The downloadable content (DLC) available for Call of Duty: Modern Warfare 3 is an assortment of additional multiplayer maps, Special Ops missions, and Face-Off Maps that came as part of the Call of Duty ELITE Premium membership. Downloadable content was split into four unique "Content Collections," each with 2-3 content packs. The first content collection was made available on January 24, 2012 for Xbox 360 users. The DLC collections could be bought separately for a fee of $30.

History
At E3 2010, Microsoft announced that any DLC released for the Call of Duty series would arrive on the Xbox 360 first. This agreement applied to the games Call of Duty: Black Ops, Call of Duty: Modern Warfare 3 and Call of Duty: Black Ops II.

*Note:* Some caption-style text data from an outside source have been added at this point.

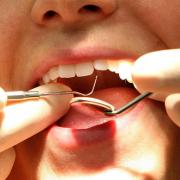 File photo dated 15/09/08 of a dentist at work, as figures show that the number of tooth extractions in hospital for children aged four and under has risen by almost a quarter in the last decade. PRESS ASSOCIATION Photo. Issue date: Tuesday March 21,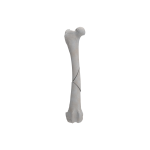 Femur - Canine - Fracture II 32-B1 acc. to AOVet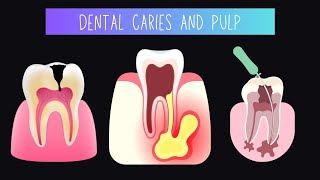 Dental caries and pulp [upl. by Aibara563]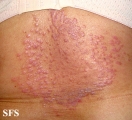 pityriasis rubra pilaris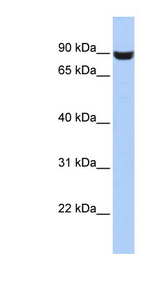LRFN5 antibody LS-C102501 Western blot of HepG2 cell lysate.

During the release of Modern Warfare 3 and Call of Dutys Elite service, premium members of the service were promised 20 pieces of DLC over a 9-month period, with content releases for each platform every month. This number was increased to 22 on Call of Dutys official Elite Content Calendar. Initially, all downloadable content was only available to Call of Duty: Elite premium members. Xbox 360 users received all DLC about a month before PlayStation 3 users regardless of Elite membership due to a special contract between Microsoft and Activision. As an example, the first Collection dropped on Xbox 360 on January 24, and on February 28 on the PS3.

Face-Off
On May 9, 2012, it was announced that the Face-Off mode would be introduced to Modern Warfare 3. It included smaller maps, which promoted fast gameplay matches. Face-Off included options for 1v1, 2v2, and 3v3 battles. Two free Face-Off maps became available for all Xbox Live Gold subscribers on May 15, 2012, regardless of Call of Duty: Elite membership. There is now a dedicated public playlist for the Face-Off game mode.

Content Drops
Content Drops were released monthly exclusively to all Call of Duty: Elite premium and founder members. There were a total of 9 monthly DLC releases up until the end of Modern Warfare 3s 2012 content season.  September was the last month DLC was released for Xbox 360, and October was the last month for PlayStation 3. Since Call of Duty: Elite was not available for PC gamers, DLC was only released in the form of Content Collections.

Content Collections
Content Collections were distributed in the same way DLC in previous Call of Duty titles was. Multiple maps and Spec Ops missions were placed into one collection for anyone to purchase through the Xbox Marketplace, PlayStation Store, or Steam for PC. No Call of Duty: Elite membership is required to download Content Collections.

Free DLC
Some DLC was available to all users of Modern Warfare 3 regardless of their Call of Duty: Elite membership, and was completely free to the player.